I am a self-funded student, and I need to use this system as part of my final year perusing masters in software and systems security. I wanted assistance calculating systems requirements if the load on the system remains consistent. I am using Elasticsearch stack on this system. I am facing the following issues:

  1. System load is always over 4.0 is this due to IOPs issue? If so, will adding RAM during migration to another system help? Or does this require faster storage such as SSD?
  2. Will providing the following configuration help situation load and improve performance without over provisioning?
Compute: 3 processors x 2 cores per processor = 6

16 GB RAM

Storage will be local (SATA, 7200 RPM NAS grade drive.)

Underlying operating system continue to be Ubuntu 20.04 LTS. I want to comprehensively learn the Elastic Stack and hence I am hoping to put multiple nodes to test roles, query scheduling, etc. for using Elastic stack as an enterprise SIEM.
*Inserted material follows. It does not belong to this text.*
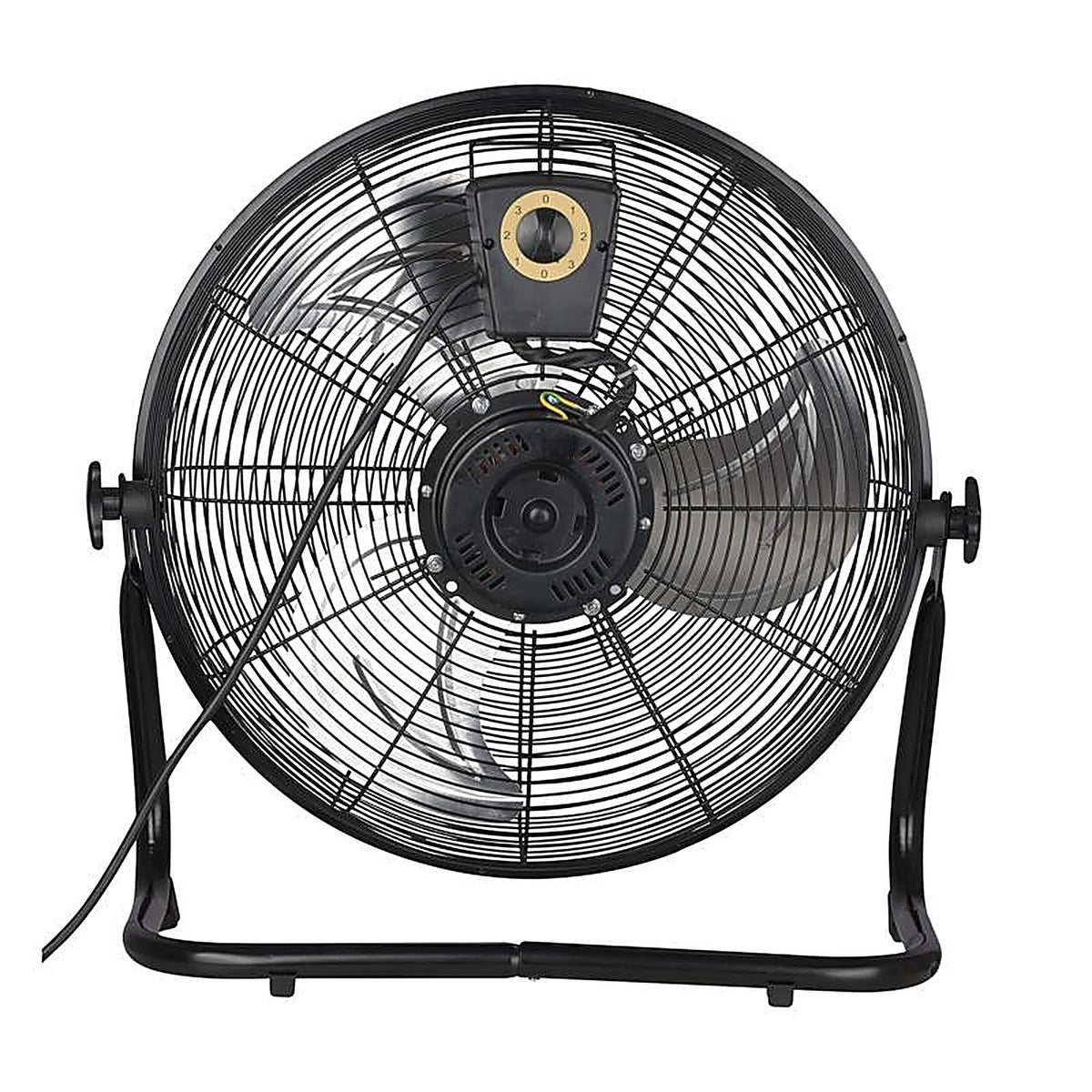 Perfect Aire - 2PAFHV18 - 21.25 In. H X 18 In. D 3 Speed High Velocity Floor Fan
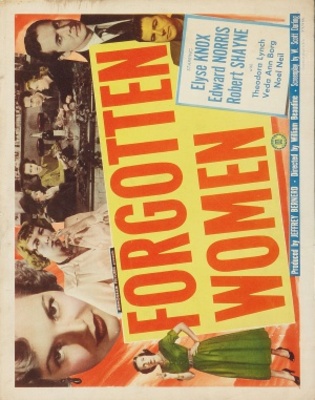 Forgotten Women movie poster (1949) sweatshirt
Current primary purpose of the system is to ingest logs from 50 honeypots deployed around the world in AWS and Azure with 500 being average EPS (events per second.) These events go into a logstash pipeline running on a raspberry pi before being sent the elastic stack.
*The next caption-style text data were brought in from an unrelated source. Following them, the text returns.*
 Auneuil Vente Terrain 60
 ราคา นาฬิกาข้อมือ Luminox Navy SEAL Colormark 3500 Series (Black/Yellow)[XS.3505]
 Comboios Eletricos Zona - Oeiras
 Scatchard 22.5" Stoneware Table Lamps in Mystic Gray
What steps should I take to ensure I am not over provisioning and able to use the system for other projects too?

Thank you.

Any reason not to run this on Docker, as then way more flexible to control versions, allocations, etc. 4GB not a lot for a real ELK stack, though your 64GB workstation is nice.

IOWait that high on 50 IOPS means small IO and maybe fsyncs() going on; certainly SSD will fix that.
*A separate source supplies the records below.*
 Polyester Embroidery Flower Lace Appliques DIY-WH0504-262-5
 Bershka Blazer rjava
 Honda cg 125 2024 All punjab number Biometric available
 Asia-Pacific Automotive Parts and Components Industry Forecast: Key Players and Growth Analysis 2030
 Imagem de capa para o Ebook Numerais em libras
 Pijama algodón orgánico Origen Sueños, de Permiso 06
Let me look at the docker option. Since I don't specialise in it; I had not considered it.

Besdies:https://www.elastic.co/guide/en/elasticsearch/reference/current/tune-for-indexing-speed.html
Is there documentation to look at fsync() that I should refer to?

I am hoping to deploy two nodes on single hardware (workstation) mentioned above with following configuration for each:

3 cores - 6 threads, 16 GB RAM and data on two different HDDs (running at 10000 RPM.)

Do you reckon any bottle necks to continue here? I will upload proposed low level diagram in sometime.

Indexing is I/O intensive so can easily saturate disks. Have a look at this video for a good comparison.

Yeah a little confused on your goals as if you are starting out you have a ways to go before having Enterprise SIEM, and 500 EPS is not high, but could be for spinning disks; hard to know as they are so rare these days on primary data stores :wink: and all you can do it test & benchmark.

So my goal is to carry out my final year research on security monitoring. I've selected ELK as one of the platforms to use for benchmark and comparison to traditional SIEMs such as IBMs QRadar.

As part of my research I have series of honeypot systems deployed on AWS/Azure/Google cloud. These systems will be sending telemetry data. Currently I have 25+ such systems including few laptops of my family which also log netflow data. I hope this helps clear my usecase. I apologise for the ambiguity due to my initial post.

This was extremely insightful video. I've instantly shared it with all my friends :slight_smile: Thank you very much. Is there a way to calculate EPS in ELK?

Calc EPS by running cluster stats some seconds apart and get indices.docs.count and then divide it by the time. Our ELKman.io tool (which you can use for free) also shows this to you on our dashboard.